One of the key aims of this blog will be to identify any differences between a bubble destined to burst and a sustainable boom in prices. This may not be as straightforward as it sounds; a recurring feature of bubbles is that they are only conclusively identified in hindsight. Indeed, some of the most interesting models in the field assume that actually identifying the bubble in real time is impossible.
This is the case for
Burnside et al (2011), who model the behaviour of quasi-rational investors in a housing market. Sometimes a rise in prices is sustainable, and sometimes it will not be, but the model assumes that no investors can conclusively tell which is the case before the bubble 'bursts'. The only difference between a bubble and a justifiable boom is that the optimists "happen to be right".
The distinctive feature of this model is that it compares the beliefs of investors to infectious diseases, and can therefore take advantage of the body of work originating with Daniel Bernoulli's
Epidemic Modelling. When an optimist meets a pessimist, there is a chance that the pessimist will 'catch' the optimism bug, and vice-versa. Beliefs are heterogeneous, but infectious, and so periodically tend towards homogeneity until the point at which the majority are unceremoniously mugged by reality.
There is a behavioural justification for believing that this is an accurate representation of reality.

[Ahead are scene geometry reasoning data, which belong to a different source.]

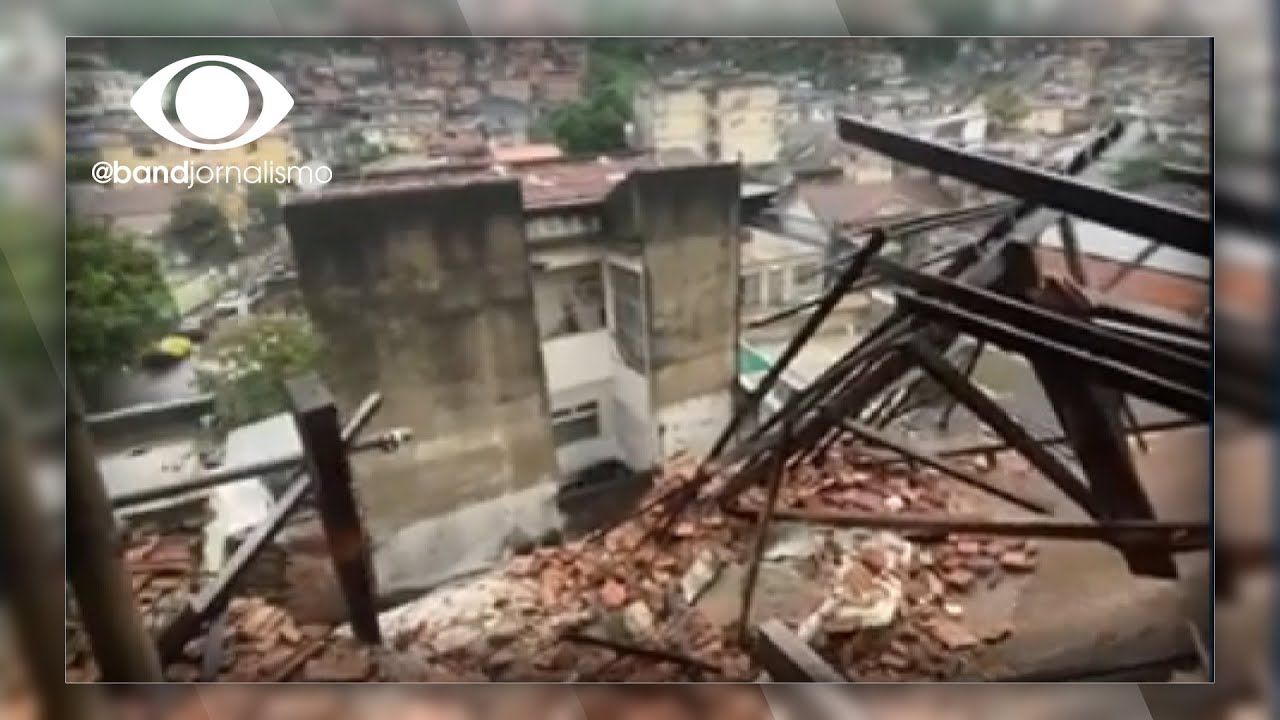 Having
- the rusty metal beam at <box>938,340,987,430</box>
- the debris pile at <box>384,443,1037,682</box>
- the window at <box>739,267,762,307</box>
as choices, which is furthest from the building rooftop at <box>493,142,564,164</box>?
the rusty metal beam at <box>938,340,987,430</box>

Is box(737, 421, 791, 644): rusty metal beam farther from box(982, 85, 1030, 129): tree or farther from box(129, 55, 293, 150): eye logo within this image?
box(129, 55, 293, 150): eye logo

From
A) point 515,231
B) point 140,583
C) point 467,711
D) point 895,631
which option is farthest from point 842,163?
point 140,583

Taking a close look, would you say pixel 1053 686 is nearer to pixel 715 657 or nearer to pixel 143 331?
pixel 715 657

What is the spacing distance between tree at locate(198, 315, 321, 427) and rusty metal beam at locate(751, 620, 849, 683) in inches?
19.3

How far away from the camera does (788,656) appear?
3.76 ft

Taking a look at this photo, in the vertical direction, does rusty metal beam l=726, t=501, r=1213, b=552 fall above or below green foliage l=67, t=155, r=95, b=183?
below

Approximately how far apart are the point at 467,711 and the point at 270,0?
2.22ft

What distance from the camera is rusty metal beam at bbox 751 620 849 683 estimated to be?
45.0 inches

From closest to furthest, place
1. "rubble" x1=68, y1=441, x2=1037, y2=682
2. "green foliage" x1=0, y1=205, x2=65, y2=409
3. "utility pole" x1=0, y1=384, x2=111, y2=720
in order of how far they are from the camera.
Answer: "utility pole" x1=0, y1=384, x2=111, y2=720, "green foliage" x1=0, y1=205, x2=65, y2=409, "rubble" x1=68, y1=441, x2=1037, y2=682

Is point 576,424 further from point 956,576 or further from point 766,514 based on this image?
point 956,576

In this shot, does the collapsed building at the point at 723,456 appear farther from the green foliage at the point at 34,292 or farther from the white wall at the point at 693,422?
the green foliage at the point at 34,292

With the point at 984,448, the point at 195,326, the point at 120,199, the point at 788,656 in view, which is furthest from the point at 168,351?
the point at 984,448

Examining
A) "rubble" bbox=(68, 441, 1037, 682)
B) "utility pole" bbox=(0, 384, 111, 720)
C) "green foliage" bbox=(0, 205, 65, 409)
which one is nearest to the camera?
"utility pole" bbox=(0, 384, 111, 720)

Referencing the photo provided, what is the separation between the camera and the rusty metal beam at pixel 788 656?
114cm
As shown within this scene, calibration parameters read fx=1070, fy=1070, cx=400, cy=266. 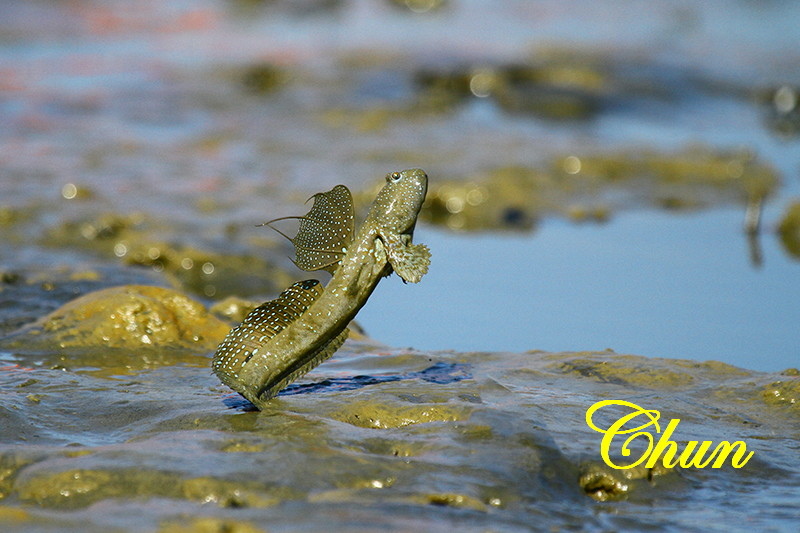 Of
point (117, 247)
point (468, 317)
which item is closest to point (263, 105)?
point (117, 247)

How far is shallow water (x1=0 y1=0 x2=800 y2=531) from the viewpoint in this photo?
2.90 metres

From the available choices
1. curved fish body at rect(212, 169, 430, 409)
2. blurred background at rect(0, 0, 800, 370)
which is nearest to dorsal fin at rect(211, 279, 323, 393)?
curved fish body at rect(212, 169, 430, 409)

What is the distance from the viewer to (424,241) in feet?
24.1

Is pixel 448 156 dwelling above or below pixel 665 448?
above

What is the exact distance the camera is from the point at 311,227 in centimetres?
347

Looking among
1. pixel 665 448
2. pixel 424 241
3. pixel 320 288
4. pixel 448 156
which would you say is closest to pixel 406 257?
pixel 320 288

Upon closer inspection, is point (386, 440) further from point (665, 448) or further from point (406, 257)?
point (665, 448)

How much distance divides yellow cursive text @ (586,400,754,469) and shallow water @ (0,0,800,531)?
0.16ft

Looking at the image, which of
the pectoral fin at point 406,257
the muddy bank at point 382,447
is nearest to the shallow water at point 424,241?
the muddy bank at point 382,447

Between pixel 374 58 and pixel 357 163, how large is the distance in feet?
13.5

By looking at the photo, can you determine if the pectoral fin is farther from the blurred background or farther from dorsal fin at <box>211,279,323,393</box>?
the blurred background

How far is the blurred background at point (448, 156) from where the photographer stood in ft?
19.3

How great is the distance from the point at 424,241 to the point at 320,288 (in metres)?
3.88

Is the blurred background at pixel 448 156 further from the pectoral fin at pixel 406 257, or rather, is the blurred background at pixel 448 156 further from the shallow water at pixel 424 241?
the pectoral fin at pixel 406 257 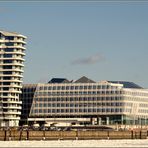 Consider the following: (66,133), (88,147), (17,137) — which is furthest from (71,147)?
(66,133)

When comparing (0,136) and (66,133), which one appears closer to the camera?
(0,136)

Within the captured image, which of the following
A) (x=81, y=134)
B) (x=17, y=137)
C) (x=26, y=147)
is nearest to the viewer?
(x=26, y=147)

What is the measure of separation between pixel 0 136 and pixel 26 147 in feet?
69.3

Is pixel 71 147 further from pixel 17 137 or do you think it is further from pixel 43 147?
pixel 17 137

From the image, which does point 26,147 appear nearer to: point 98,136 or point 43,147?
point 43,147

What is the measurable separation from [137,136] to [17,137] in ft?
81.5

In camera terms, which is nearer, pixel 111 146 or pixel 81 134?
pixel 111 146

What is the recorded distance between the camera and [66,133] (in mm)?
116625

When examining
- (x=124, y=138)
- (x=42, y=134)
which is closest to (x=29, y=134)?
(x=42, y=134)

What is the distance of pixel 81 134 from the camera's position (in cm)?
11581

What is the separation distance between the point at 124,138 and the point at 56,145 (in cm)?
2697

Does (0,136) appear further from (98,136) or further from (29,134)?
(98,136)

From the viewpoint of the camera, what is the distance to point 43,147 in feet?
288

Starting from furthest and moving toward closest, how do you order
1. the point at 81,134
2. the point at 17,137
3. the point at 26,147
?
the point at 81,134 < the point at 17,137 < the point at 26,147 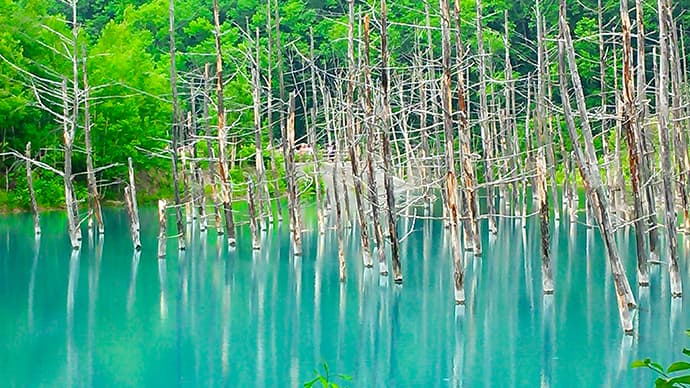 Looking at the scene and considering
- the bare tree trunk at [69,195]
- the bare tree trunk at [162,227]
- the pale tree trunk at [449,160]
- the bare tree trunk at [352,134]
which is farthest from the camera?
the bare tree trunk at [69,195]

Daniel Kahneman (2011) describes a psychological phenomenon called 'herding', where individuals form opinions by balancing their beliefs against those of everyone else.
Surowiecki (2004) argues, and Kahneman agrees, that this is usually more rational than sticking with a belief that the rest of the population consider extreme. The formation of bubbles can thus be considered a form of
prisoner's dilemma: rational behaviour on the part of individuals leads to irrational behaviour on the part of the overall group.
Alan Greenspan coined the term "irrational exuberance" to describe this phenomenon, and this phrase has since been used by
Shiller (2005) as the title of an influential book on the causes of bubbles. As a means of describing the phenomenon it is very convincing, but whether it can be used to identify a bubble in real time is somewhat less clear.
References
Burnside, Craig, Martin Eichenbaum and Sergio Rebelo, 'Understanding Booms and Busts in Housing Markets', National Bureau of Economic Research, Working paper no. 16734 (2011).
Kahneman, Daniel, Thinking Fast and Slow, Penguin (2012).
Surowiecki, James, The Wisdom of Crowds: Why the Many are Smarter than the Few, Abacus (2005).
Shiller, Robert, Irrational Exuberance: Second Edition, Princeton University Press (2005).